Karen took her passion for the industry to trade shows like the annual convention of the International Carwash Association, helping to rally more detailers to attend the shows, but to also connect and join forces to improve the industry. Karen proudly states, “my objective was to both establish an identity and give a voice to the professional detailing industry”. She was embraced and gained the respect of other industry leaders like Bud Abraham, Greg Swett, Steve Okun, and Prentice St. Clair, who saw her as an equal in this effort. Karen enthusiastically accepted leadership roles in the Professional Detailing Association, including President. She also became one of the respected presenters on the topic of professional detailing at the annual conventions.
Karen’s leadership activities extended also to serving on several ICA committees, including the Detail Education and Express Detailing Certification Committees.
Her detail shop was destroyed by a massive flood in 2003, and she was soon “scooped up” with an offer to become Detail Manager at a local dealership for whom she had provided detailing service. Out of respect for her operational prowess, she was given great leeway in overseeing the building of a new, state-of-the-art detail center at the dealership.
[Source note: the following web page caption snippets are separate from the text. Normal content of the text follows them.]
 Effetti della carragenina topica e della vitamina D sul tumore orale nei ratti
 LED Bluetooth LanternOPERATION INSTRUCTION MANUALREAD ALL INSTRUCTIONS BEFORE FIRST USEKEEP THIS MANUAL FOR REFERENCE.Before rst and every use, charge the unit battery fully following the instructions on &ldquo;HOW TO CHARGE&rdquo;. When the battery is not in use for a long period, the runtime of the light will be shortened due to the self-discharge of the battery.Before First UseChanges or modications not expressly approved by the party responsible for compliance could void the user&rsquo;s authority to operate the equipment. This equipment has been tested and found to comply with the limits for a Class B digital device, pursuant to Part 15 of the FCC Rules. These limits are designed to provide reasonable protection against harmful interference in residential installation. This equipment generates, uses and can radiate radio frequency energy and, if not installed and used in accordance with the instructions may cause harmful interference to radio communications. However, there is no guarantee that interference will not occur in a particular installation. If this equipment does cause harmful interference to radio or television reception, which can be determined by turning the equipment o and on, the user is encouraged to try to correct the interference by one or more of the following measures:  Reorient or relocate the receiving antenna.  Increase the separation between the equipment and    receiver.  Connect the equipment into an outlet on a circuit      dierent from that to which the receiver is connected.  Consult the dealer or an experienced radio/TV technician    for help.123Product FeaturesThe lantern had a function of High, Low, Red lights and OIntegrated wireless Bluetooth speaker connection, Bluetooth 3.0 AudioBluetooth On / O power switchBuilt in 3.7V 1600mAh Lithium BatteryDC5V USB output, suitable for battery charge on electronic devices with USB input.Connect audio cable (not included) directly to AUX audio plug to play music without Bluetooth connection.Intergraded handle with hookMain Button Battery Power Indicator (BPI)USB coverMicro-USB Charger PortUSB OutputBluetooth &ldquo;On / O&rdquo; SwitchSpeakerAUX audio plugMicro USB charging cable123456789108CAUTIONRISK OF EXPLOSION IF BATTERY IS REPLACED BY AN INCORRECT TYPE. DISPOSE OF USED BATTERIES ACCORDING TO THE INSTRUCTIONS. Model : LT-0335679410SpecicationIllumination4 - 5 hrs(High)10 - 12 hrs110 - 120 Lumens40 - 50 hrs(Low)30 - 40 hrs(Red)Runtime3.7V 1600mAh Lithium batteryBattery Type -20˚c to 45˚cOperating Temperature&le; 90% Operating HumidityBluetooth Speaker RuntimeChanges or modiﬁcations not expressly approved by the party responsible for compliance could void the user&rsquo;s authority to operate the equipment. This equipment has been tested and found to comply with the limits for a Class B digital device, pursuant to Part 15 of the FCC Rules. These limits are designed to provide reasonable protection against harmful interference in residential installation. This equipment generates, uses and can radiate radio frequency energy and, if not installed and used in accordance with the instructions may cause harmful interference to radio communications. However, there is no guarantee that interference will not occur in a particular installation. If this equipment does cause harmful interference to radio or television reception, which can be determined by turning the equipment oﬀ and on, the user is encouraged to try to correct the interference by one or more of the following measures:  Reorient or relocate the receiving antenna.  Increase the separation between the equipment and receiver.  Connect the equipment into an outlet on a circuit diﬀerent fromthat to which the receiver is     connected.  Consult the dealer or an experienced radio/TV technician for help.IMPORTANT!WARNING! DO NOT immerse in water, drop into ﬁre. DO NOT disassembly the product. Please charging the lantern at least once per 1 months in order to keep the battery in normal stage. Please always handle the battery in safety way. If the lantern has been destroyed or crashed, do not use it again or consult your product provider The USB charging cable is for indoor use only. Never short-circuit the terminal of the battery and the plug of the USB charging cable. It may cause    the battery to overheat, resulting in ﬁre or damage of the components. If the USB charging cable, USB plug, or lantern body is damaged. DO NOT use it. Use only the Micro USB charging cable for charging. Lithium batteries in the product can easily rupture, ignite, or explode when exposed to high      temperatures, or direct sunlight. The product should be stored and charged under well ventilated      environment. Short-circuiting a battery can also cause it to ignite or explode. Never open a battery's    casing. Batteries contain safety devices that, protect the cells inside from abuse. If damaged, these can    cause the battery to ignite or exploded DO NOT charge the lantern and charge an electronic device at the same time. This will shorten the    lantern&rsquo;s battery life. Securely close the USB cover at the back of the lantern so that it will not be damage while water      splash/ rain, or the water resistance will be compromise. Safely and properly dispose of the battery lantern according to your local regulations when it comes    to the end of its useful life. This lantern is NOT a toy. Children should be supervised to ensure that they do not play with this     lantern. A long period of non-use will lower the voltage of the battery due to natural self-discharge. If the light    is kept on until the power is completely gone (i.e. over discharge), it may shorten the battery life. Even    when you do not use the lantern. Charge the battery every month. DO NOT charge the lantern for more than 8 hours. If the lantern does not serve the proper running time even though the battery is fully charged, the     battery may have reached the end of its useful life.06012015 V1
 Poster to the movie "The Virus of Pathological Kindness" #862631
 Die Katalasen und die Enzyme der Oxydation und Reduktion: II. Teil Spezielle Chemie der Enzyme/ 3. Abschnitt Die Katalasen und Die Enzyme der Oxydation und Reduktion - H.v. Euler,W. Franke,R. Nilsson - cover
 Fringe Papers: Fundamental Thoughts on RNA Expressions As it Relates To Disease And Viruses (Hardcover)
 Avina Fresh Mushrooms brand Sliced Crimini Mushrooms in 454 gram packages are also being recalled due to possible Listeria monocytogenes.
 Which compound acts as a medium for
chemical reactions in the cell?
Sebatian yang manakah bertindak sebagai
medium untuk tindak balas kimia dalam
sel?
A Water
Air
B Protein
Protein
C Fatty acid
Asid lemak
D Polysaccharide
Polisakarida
Additionally, dealership management entrusted her with creating a new profit center by offering professional detailing to service customers, a novel idea in those days. At its height, the Union Park Auto Spa employed 12 full-time detailing technicians.
Karen was recognized as a detailing industry leader when she was included as an example of a successful detailing operator in the early 2000s Entrepreneur magazine publication “How to Start an Auto Detailing Business”.
Karen retired from the industry in 2008, ending 20 years of exemplary service to both her customers and fellow detailers alike.